In a real-world use case, a single CS-2 simulated real-time computational fluid dynamics 470 times faster than a conventional supercomputer, enabling accelerated research in the energy sector and climate tech sector. At Argonne National Laboratory, Cerebras’ CS-1s were 300 times faster than the existing compute infrastructure for cancer research. At GlaxoSmithKline, Cerebras’ CS-1s accelerated epigenetic research by 160 times. The French energy giant TotalEnergies found Cerebras’ CS-2s to be 100 times faster for a key element in oil exploration. In stencil-based computation used in various scientific fields such as seismic imaging, weather forecasting, and computational fluid dynamic simulations, a Cerebras’ CS-2 was 95 times faster than an Nvidia H100 chip and 292 times faster than an AMD MI210 chip. Finally, one research group found that training specific models was impossible on GPU clusters due to “out-of-memory errors,” and had to use Cerebras’ CS-2s to complete their model.

Source: Cerebras

Following the release of the GB200 chip at Nvidia’s 2024 ComputeX keynote, Cerebras demonstrated that its WSE-3 chip offers four times greater compute while being over two times more energy efficient. As a result, Cerebras can offer 10 times better compute per dollar and 3.6 times better compute performance per watt compared to currently deployed AI training platforms.

Source: Cerebras

In August 2024, Cerebras enabled inference capabilities on its CS-3 systems, becoming the world’s fastest AI inference provider. Just a month later, in September 2024, both Groq and SambaNova made strides in faster and faster inference before Cerebras reclaimed the title. Suffice it to say, it's a rapidly evolving race.

In an independent analysis by Artificial Analysis, Cerebras is able to deliver 1.8K tokens per second for Llama3.1 8B at ten cents per million tokens and 450 tokens per second for Llama3.1 70B at 60 cents per million tokens. According to Cerebras, this means its inference capabilities are 20 times faster for a fifth of the price compared to inference capabilities on Nvidia H100s. These lower latency inference capabilities will be important for AI developers creating products with real-time or high-volume inference requirements.

Source: Cerebras

According to Feldman, inference is slow largely because LLMs generate one token at a time. Each generated token must be processed through the entire model, meaning that all model parameters must be moved from memory to computation, and back to memory again. As each generated token is dependent on the previous token, the transfer of model parameters from memory to computation cannot be run in parallel. Therefore, generating 100 tokens per second requires moving the model 100 times per second, which requires a vast amount of memory bandwidth.

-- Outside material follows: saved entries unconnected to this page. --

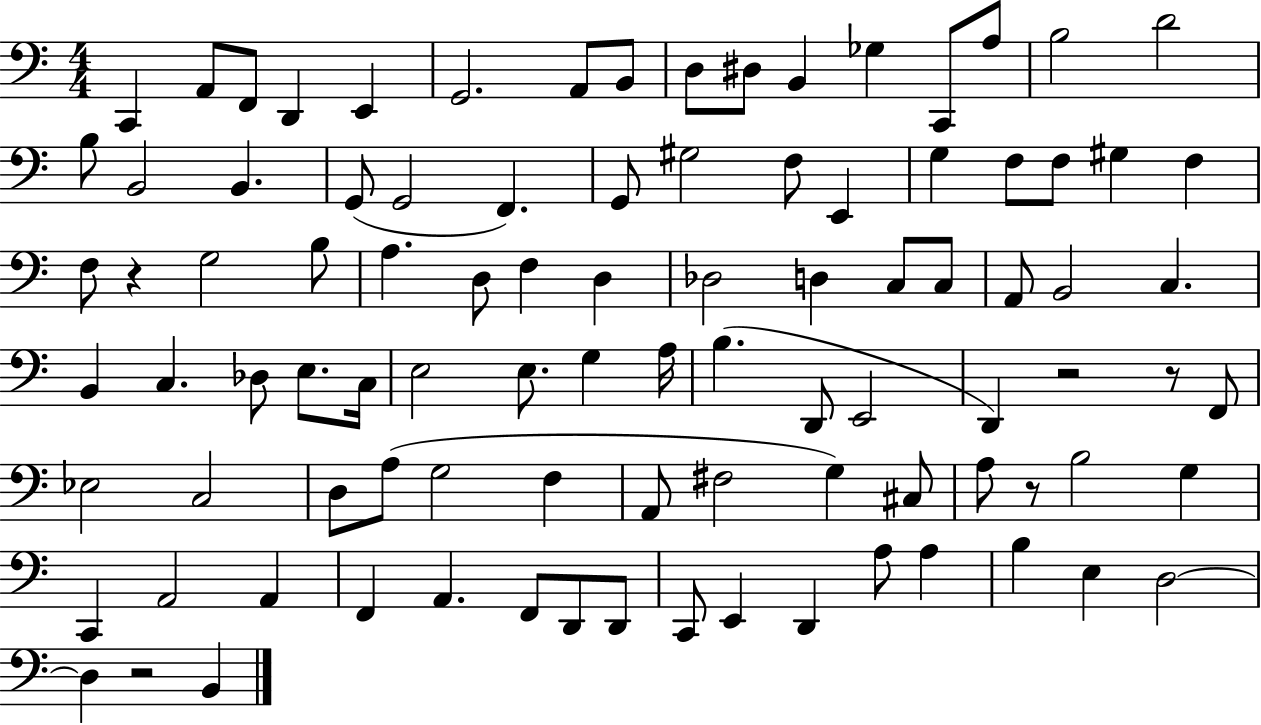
C2/q A2/e F2/e D2/q E2/q G2/h. A2/e B2/e D3/e D#3/e B2/q Gb3/q C2/e A3/e B3/h D4/h B3/e B2/h B2/q. G2/e G2/h F2/q. G2/e G#3/h F3/e E2/q G3/q F3/e F3/e G#3/q F3/q F3/e R/q G3/h B3/e A3/q. D3/e F3/q D3/q Db3/h D3/q C3/e C3/e A2/e B2/h C3/q. B2/q C3/q. Db3/e E3/e. C3/s E3/h E3/e. G3/q A3/s B3/q. D2/e E2/h D2/q R/h R/e F2/e Eb3/h C3/h D3/e A3/e G3/h F3/q A2/e F#3/h G3/q C#3/e A3/e R/e B3/h G3/q C2/q A2/h A2/q F2/q A2/q. F2/e D2/e D2/e C2/e E2/q D2/q A3/e A3/q B3/q E3/q D3/h D3/q R/h B2/q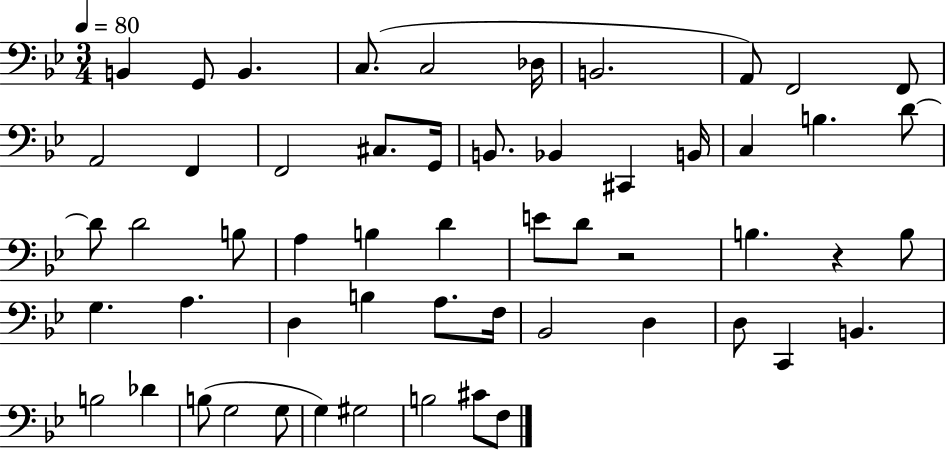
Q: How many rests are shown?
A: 2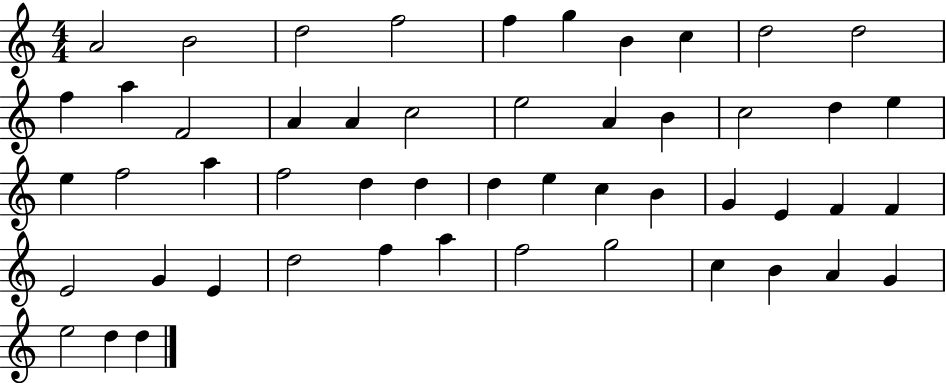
X:1
T:Untitled
M:4/4
L:1/4
K:C
A2 B2 d2 f2 f g B c d2 d2 f a F2 A A c2 e2 A B c2 d e e f2 a f2 d d d e c B G E F F E2 G E d2 f a f2 g2 c B A G e2 d d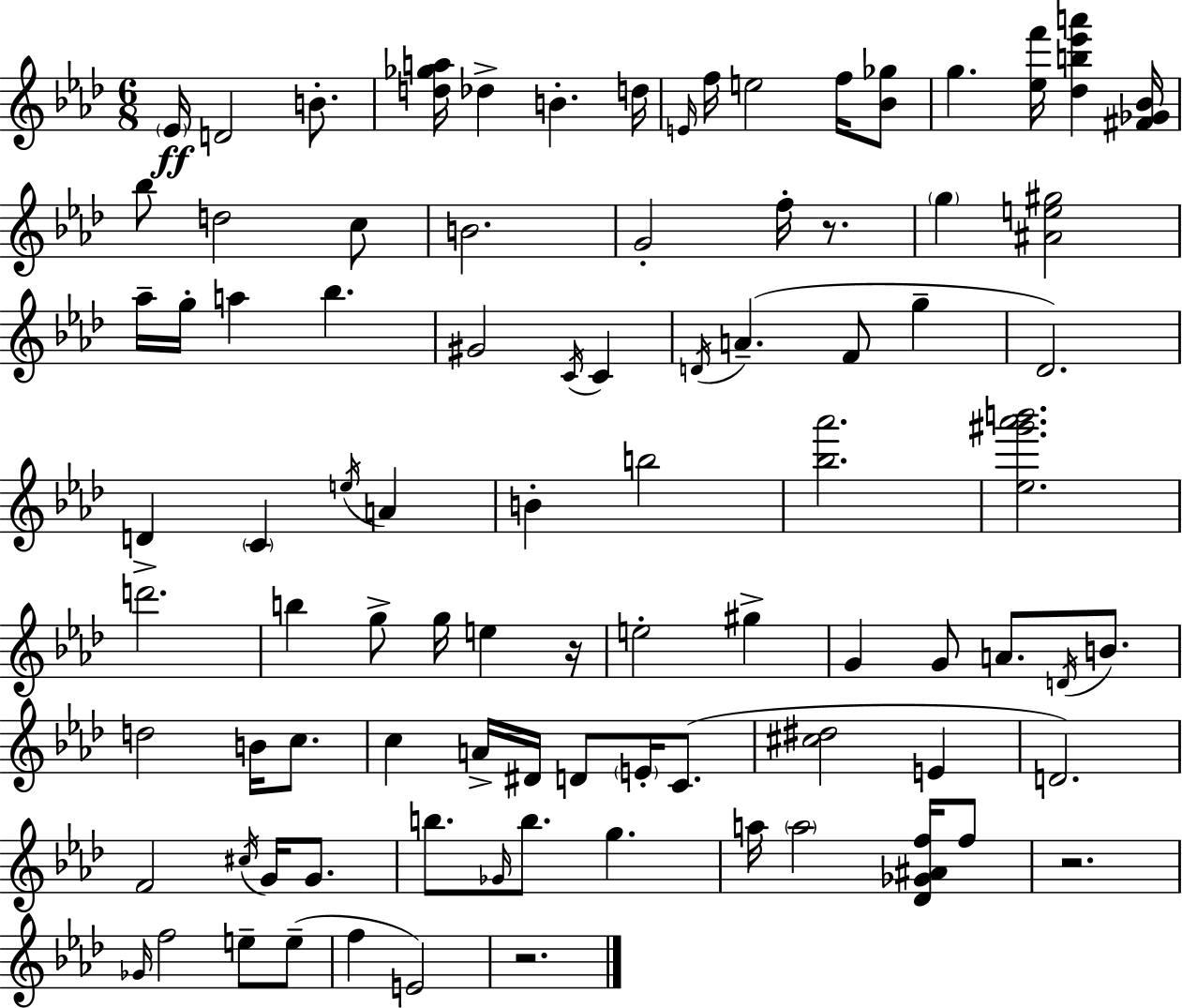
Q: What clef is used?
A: treble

Because Cerebras tightly couples its memory cores with its compute cores, and the fact that it is the only AI chip in the world that has both petabyte-scale compute and petabyte-scale memory bandwidth, it is able to handle the high volume of memory transfer. In the future, if models do exceed the memory capacity of a single WSE-3 wafer, Cerebras is able to split the model up and distribute them across multiple CS-3 systems.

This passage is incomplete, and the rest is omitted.